## [Exercise description]
Lines from the one containing "908 S Main St photo 1" through the end of the entries below: set them down exactly, both ends included, with nothing added.

## [Dataset records]
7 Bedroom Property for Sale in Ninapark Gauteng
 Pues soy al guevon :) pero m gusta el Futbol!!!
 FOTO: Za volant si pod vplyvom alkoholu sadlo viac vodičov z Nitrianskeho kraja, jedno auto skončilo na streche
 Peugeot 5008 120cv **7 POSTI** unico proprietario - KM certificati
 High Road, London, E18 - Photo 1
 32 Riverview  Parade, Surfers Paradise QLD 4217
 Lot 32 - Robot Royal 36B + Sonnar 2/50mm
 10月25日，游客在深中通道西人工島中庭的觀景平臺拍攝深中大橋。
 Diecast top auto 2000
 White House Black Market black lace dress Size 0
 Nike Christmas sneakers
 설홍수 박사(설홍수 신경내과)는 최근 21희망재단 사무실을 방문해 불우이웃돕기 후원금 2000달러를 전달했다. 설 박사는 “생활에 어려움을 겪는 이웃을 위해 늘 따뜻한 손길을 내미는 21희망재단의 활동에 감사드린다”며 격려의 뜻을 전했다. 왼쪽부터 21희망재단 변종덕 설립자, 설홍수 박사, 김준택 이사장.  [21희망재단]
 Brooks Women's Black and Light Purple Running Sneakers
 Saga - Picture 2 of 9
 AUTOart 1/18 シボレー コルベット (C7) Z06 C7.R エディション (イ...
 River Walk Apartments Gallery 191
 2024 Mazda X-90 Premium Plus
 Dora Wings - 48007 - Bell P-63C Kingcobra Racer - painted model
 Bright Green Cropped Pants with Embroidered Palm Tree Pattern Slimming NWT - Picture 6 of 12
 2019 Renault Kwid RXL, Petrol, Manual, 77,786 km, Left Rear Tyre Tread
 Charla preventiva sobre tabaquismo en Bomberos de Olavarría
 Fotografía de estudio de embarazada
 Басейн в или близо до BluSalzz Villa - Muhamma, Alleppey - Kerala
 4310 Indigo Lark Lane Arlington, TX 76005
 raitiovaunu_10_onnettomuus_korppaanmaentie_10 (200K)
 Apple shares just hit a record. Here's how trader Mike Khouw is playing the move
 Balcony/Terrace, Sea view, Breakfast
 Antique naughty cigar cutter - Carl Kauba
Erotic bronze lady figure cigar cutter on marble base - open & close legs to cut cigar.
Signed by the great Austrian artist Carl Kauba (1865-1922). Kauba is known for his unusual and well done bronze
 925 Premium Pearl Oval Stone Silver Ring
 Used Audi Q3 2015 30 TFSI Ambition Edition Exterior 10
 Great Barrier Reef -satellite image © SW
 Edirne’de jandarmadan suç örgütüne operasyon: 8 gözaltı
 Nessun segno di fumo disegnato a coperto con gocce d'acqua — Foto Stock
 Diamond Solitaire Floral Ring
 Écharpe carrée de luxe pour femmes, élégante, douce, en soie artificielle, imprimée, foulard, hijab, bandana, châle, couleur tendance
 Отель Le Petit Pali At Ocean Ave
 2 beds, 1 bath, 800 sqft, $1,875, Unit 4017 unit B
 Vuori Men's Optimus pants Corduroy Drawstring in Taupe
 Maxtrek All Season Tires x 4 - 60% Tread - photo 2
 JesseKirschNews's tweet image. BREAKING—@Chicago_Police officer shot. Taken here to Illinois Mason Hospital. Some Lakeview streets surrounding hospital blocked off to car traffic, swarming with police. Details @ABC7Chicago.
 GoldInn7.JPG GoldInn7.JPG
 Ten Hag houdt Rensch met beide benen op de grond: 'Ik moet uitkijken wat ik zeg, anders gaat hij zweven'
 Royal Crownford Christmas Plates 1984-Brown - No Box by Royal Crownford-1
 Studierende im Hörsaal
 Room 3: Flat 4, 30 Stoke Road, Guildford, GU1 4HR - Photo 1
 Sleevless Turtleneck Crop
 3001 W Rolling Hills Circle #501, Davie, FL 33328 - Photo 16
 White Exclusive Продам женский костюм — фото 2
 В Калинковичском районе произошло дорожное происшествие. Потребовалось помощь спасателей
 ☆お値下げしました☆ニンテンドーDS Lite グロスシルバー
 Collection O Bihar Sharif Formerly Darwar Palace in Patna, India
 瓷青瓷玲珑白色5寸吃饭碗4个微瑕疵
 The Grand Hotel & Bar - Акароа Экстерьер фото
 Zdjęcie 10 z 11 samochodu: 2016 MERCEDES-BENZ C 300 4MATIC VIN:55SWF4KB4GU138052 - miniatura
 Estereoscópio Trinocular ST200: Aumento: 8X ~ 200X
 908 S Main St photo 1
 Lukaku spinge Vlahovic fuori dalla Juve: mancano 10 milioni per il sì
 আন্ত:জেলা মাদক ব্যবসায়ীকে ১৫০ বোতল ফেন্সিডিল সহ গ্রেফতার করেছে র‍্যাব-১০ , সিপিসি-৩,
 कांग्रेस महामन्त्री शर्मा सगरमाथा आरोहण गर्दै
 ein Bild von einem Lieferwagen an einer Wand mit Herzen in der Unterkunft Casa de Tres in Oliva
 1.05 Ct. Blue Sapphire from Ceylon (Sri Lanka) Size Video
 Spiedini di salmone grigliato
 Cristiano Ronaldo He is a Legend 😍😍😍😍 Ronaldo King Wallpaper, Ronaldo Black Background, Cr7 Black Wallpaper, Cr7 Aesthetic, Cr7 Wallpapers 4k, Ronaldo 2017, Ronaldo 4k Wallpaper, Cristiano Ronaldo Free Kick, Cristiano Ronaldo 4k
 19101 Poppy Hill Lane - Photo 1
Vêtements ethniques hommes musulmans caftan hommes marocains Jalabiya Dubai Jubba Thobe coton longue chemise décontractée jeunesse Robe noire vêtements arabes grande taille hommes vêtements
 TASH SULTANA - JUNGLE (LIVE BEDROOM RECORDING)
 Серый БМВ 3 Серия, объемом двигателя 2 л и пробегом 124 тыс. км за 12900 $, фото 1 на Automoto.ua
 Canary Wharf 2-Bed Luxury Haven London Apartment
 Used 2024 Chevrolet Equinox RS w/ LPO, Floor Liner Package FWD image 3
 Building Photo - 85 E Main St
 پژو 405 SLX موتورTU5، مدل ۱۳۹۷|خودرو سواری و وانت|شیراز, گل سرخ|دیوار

## [Your response]
 908 S Main St photo 1
 Lukaku spinge Vlahovic fuori dalla Juve: mancano 10 milioni per il sì
 আন্ত:জেলা মাদক ব্যবসায়ীকে ১৫০ বোতল ফেন্সিডিল সহ গ্রেফতার করেছে র‍্যাব-১০ , সিপিসি-৩,
 कांग्रेस महामन्त्री शर्मा सगरमाथा आरोहण गर्दै
 ein Bild von einem Lieferwagen an einer Wand mit Herzen in der Unterkunft Casa de Tres in Oliva
 1.05 Ct. Blue Sapphire from Ceylon (Sri Lanka) Size Video
 Spiedini di salmone grigliato
 Cristiano Ronaldo He is a Legend 😍😍😍😍 Ronaldo King Wallpaper, Ronaldo Black Background, Cr7 Black Wallpaper, Cr7 Aesthetic, Cr7 Wallpapers 4k, Ronaldo 2017, Ronaldo 4k Wallpaper, Cristiano Ronaldo Free Kick, Cristiano Ronaldo 4k
 19101 Poppy Hill Lane - Photo 1
Vêtements ethniques hommes musulmans caftan hommes marocains Jalabiya Dubai Jubba Thobe coton longue chemise décontractée jeunesse Robe noire vêtements arabes grande taille hommes vêtements
 TASH SULTANA - JUNGLE (LIVE BEDROOM RECORDING)
 Серый БМВ 3 Серия, объемом двигателя 2 л и пробегом 124 тыс. км за 12900 $, фото 1 на Automoto.ua
 Canary Wharf 2-Bed Luxury Haven London Apartment
 Used 2024 Chevrolet Equinox RS w/ LPO, Floor Liner Package FWD image 3
 Building Photo - 85 E Main St
 پژو 405 SLX موتورTU5، مدل ۱۳۹۷|خودرو سواری و وانت|شیراز, گل سرخ|دیوار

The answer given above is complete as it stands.